David McClanahan - President, CEO
It really depends on natural gas prices.
As gas prices increase, I think we are going to see more growth prospects.
We serve traditional basins as well as dry gas basins.
At this low gas price we are not seeing a lot of well activity.
Probably well activity this year is about half or maybe even a little less than half of what we saw last year.
But we also know there is a heck of a lot of gas in these basins and it will ultimately be produced.
So as gas prices move up, I think we are going to see activity, which is going to drive just gathering volumes and expansions of the system.
But just -- not just as importantly, but there is another aspect, and that is our retained gas piece.
As Greg said, we retain about 1.5%; and 2% if we can really optimize compression.
That provides upside as natural gas prices rise as well.
So I think we will see it on the natural gas, sales of retained gas, as well as just throughput in our system.
That is going to be a little further down the road because we know that gas prices aren't expected, at least in our forecast, to jump above $4.00 for a year or two.
Ali Agha - Analyst
Last question, Gary, just to clarify.
The effective tax rate, if you take out all the nonrecurring stuff, what was that for the quarter?
And what are you budgeting for the year?
Gary Whitlock - EVP, CFO
Okay.
Yes, if you exclude the unusual items for the third quarter, our effective tax rate for the third quarter would have been about 24%.
That compares, Ali, to a run rate of 37%, our effective tax rate.
We did in the third quarter benefit from approximately $17 million of favorable IRS settlements.
But for the fourth quarter and on, think about 37%.
Ali Agha - Analyst
Thank you.
Operator
Carl Kirst, BMO Capital Markets.
Carl Kirst - Analyst
Greg, just a couple of quick questions, and understanding there is only limited you can say about the Bakken.
We're narrowing the cost.
Previously I think you have ring-fenced it in the $100 million to $200 million range with larger long-term aspirations.

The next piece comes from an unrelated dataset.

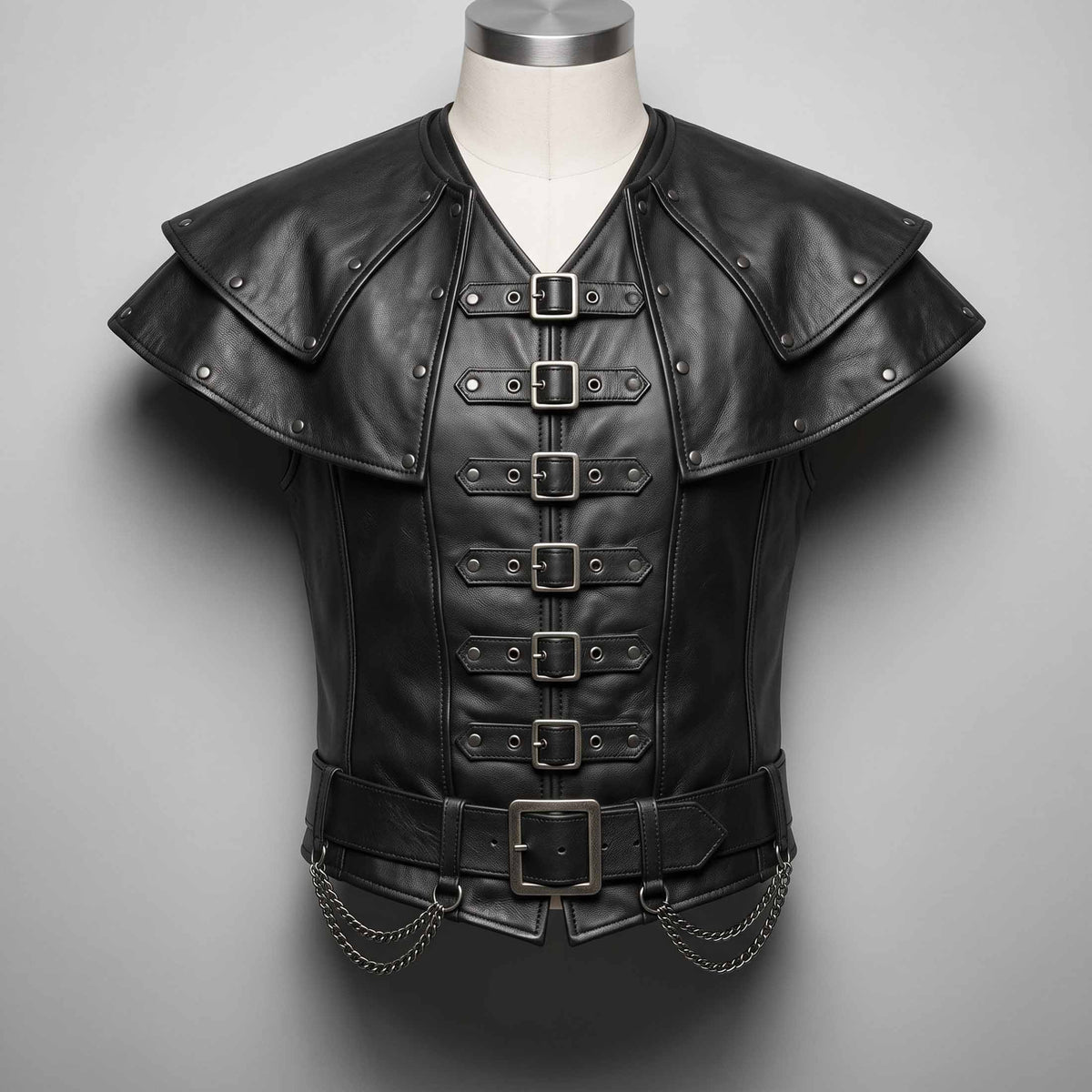 Front angle of a men's handmade black leather gothic steampunk armor vest with tiered studded shoulder mantle, six buckle front closures, and lower belt chains.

Are we still in the same ZIP code?
I mean, is the general scope of the project essentially still the same?
Greg Harper - SVP, Group President Pipelines & Field Services
That's correct, Carl.
I would say it is still in that $100 million to $200 million range.
Our producer customer is also still confirming what their production profiles look like; and as they get more optimistic about it, obviously the cap will be on the higher end.
But if it stays where it is right now it would be on the lower $100 million to $150 million end.
But if they hit things as they would like to see, it would be on the upper end.
Carl Kirst - Analyst
Okay.
No, fair enough.
Then if I could just ask you too -- and appreciate you got the organic projects, Bakken, Mississippi Lime, etc.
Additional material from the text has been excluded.